所述第一栅介质1和第二栅介质11为SiO2。
所述第一P+源区5、第一N+源区4、第一P型基区6、第二P+源区51、第二N+源区41、第二P型基区61均为多次离子注入形成。
作为优选方式,所述器件第一P+源区5、第一N+源区4、第一P型基区6、第二P+源区51、第二N+源区41、第二P型基区61、N-漂移区7、N+衬底8的材料均为碳化硅。
本实施例通过引入沟道和利用N+源区与P型基区保护栅氧化层和沟道来实现导通损耗和反向特性的良好折中。
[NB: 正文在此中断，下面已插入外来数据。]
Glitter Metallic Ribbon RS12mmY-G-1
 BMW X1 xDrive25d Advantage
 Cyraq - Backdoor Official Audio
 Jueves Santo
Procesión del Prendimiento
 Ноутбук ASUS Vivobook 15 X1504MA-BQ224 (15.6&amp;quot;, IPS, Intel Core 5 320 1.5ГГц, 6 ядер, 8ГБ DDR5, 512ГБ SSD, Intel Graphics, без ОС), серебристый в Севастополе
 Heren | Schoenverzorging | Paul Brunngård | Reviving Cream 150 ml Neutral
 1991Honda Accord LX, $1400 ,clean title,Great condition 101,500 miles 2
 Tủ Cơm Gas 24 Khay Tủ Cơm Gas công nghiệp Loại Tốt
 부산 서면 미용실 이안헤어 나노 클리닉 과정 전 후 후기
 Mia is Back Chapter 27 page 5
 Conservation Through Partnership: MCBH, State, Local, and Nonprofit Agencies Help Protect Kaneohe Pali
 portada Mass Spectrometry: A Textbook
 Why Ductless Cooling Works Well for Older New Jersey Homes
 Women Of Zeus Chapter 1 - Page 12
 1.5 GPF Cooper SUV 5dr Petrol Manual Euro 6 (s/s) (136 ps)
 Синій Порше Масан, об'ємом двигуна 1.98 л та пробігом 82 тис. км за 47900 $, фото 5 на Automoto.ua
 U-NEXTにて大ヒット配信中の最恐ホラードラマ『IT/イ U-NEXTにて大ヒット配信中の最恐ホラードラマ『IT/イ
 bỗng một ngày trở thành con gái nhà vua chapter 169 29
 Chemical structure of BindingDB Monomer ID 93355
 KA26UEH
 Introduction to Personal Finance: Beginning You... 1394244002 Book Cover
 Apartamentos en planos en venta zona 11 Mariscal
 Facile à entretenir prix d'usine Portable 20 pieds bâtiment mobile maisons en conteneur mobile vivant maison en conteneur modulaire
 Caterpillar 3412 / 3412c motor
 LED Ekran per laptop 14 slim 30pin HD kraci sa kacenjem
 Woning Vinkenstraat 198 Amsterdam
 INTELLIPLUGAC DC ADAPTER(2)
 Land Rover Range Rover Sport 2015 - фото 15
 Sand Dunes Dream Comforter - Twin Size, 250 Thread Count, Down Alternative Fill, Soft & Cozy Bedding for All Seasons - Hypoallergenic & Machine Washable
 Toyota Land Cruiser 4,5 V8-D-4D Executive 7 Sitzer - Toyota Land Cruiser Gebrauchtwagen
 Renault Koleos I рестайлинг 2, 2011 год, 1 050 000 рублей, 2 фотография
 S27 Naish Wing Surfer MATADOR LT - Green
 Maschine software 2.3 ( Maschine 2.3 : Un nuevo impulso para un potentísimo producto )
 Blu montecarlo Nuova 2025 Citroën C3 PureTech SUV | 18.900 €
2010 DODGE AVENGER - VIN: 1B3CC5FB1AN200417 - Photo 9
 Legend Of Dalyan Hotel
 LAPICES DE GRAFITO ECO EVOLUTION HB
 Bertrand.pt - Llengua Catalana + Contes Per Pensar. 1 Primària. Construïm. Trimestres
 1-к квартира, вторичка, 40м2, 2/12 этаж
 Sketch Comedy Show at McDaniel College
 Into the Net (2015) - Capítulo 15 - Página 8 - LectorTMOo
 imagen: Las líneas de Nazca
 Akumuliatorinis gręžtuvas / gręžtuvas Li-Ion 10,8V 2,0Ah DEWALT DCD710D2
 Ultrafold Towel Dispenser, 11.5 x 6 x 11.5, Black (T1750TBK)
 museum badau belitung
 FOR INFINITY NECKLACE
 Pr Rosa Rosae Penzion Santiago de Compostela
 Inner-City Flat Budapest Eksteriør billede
在保证器件耐压和无双极退化效应的情况下,保持正向特性和开关特性优势,兼顾温度特性和浪涌电流能力。
实施例2
如图12所示,本实施例和实施例1的区别在于:所述器件的第一多晶硅栅2由第一阳极金属3代替,第二多晶硅栅21由第二阳极金属31代替。
实施例3
如图4-图11所示,本实施例提供一种上述低导通压降二极管器件的制备方法,包括以下步骤:
第一步:清洗外延片,N-外延上以二氧化硅为注入阻挡层注入铝离子形成第一P型基区和第二P型基区;
第二步:注入铝离子形成第一P+源区和第二P+源区;
第三步:注入氮离子形成第一N+源区和第二N+源区并激活退火;
第四步:刻蚀沟槽并干氧氧化生成第一栅介质和第二栅介质,随后在氮气氛围下的退火;
第五步:淀积第一多晶硅栅和第二多晶硅栅,进行离子注入并退火并对多晶硅进行图形化;
第六步:淀积第一阳极金属和第二阳极金属形成电极;
第七步:淀积阴极金属形成电极。
所述器件第一栅介质和第二栅介质端为栅极,N+衬底端为阴极,第一P+源区和第一N+源区接触区为阳极,第二P+源区和第二N+源区接触区为阳极;
上述实施例仅例示性说明本发明的原理及其功效,而非用于限制本发明。任何熟悉此技术的人士皆可在不违背本发明的精神及范畴下,对上述实施例进行修饰或改变。因此,凡所属技术领域中具有通常知识者在未脱离本发明所揭示的精神与技术思想下所完成的一切等效修饰或改变,仍应由本发明的权利要求所涵盖。
Claims (6)
1.一种低导通压降二极管器件,其特征在于:包括背面的阴极金属(9)、阴极金属(9)上方的N+衬底(8)、N+衬底(8)上方的N-漂移区(7);所述N-漂移区(7)内部的左方是第一P型基区(6),所述N-漂移区(7)内部的右方是第二P型基区(61);所述第一P型基区(6)内部的左方是第一P+源区(5);所述第一P+源区(5)的右方是第一N+源区(4);所述第一P+源区(5)的上方是第一阳极金属(3);所述第一阳极金属(3)内的右下方是第一多晶硅栅(2);所述第一多晶硅栅(2)的右方是第一栅介质(1),第一栅介质(1)的深度与第一阳极金属(3)一致;所述第二P型基区(61)内部的右方是第二P+源区(51);所述第二P+源区(51)的左方是第二N+源区(41);所述第二P+源区(51)的上方是第二阳极金属(31);所述第二阳极金属(31)内的左下方是第二多晶硅栅(21);所述第二多晶硅栅(21)的左方是第二栅介质(11),第二栅介质(11)的深度与第二阳极金属(31)一致;所述第一P型基区(6)和第一栅介质(1)的界面为器件的第一沟道;所述第二P型基区(61)和第二栅介质(11)的界面为器件的第二沟道。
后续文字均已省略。